### Provided data

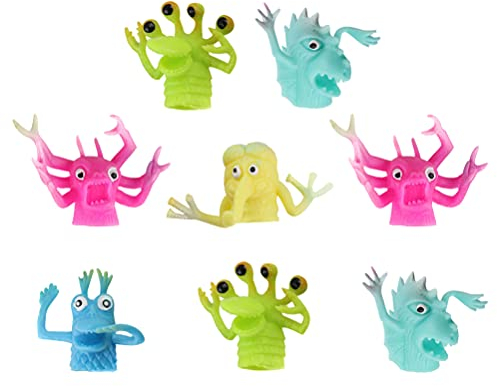 SAFIGLE 8 Fingerpuppen Dehnbare Fingerpuppen Fidget-Spielzeug Fingermonster Taschenfüller Rollenspiel-Spielzeug Partyartikel Lustiges Spielzeug Für Kinder – Zufällige Farbe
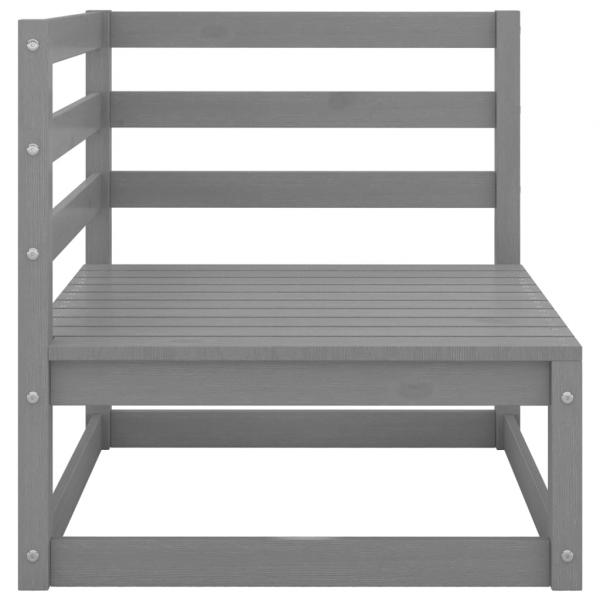 2-tlg. Garten-Lounge-Set mit Kissen Grau Kiefer Massivholz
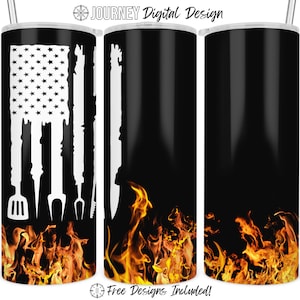 BBQ tumbler design, flag, bbq, Dad, grill, fire, grilling, barbecue, Father’s Day, seamless, sublimation wrap, 20 oz straight tumbler design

### Directions
All the lines above are to be given again exactly as they read, with the pictures removed.

### Result of the task
 SAFIGLE 8 Fingerpuppen Dehnbare Fingerpuppen Fidget-Spielzeug Fingermonster Taschenfüller Rollenspiel-Spielzeug Partyartikel Lustiges Spielzeug Für Kinder – Zufällige Farbe
 2-tlg. Garten-Lounge-Set mit Kissen Grau Kiefer Massivholz
 BBQ tumbler design, flag, bbq, Dad, grill, fire, grilling, barbecue, Father’s Day, seamless, sublimation wrap, 20 oz straight tumbler design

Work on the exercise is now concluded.